The man who had spearheaded some of the most memorable attacks on the institutions of Tsarist Russia belonged to the generation that saw itself tied to October by an almost unbreakable umbilical cord. Hence that whiff of wistfulness here, though Trotsky, as much as anyone else, knew that the switch to the Western calendar was a profound change in itself: backward Russia, that curious blend of the Orient and the Occident, had now announced its arrival upon the stage of the European revolution. But the year 1918 was so chock-full of monumental changes that the new calendar got barely talked about in post-October Russia.
It was also in 1918 that the Russian Social Democratic Labour Party (Bolshevik) christened itself the All-Russian Communist Party (Bolshevik), the first communist party anywhere in the world. But even this change seemed not much more than cosmetic when one considered the tumultuous events that shook the young socialist state in the first year of its life.

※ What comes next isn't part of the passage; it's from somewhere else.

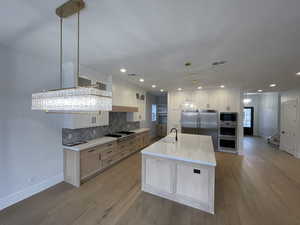 Kitchen featuring glass insert cabinets, tasteful backsplash, an island with sink, light stone counters, and built in appliances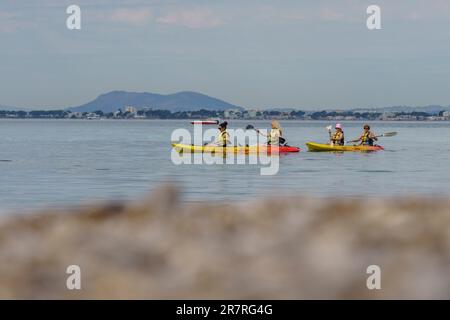 Eine Gruppe von Kanufahrern, die entlang der Küste von Alcanada, Alcudia, Mallorca, Balearen, Spanien segeln Stockfoto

And what a year 1918 proved to be! Acutely aware that their hold on state power was precarious at best, the Bolsheviks set about standing conventional Russian statecraft on its head, deliberately and with feverish energy, and restructuring the country’s political economy radically. On November 8, his first day in office as the chairman of the Council of People’s Commissars (the word ‘minister’ sounded hateful, and someone chanced upon ‘commissar’ instead), Lenin introduced the Decree on Peace, an audacious call to all the participants of the Great War to settle for “a just and democratic peace… without annexations and indemnities”.
The Decree notified all the warring nations of Russia’s intention of withdrawing from the Great War with immediate effect, and called upon all “the wearied, tormented and war-exhausted toilers and warring masses of all belligerent countries” to make similar demands of their own governments.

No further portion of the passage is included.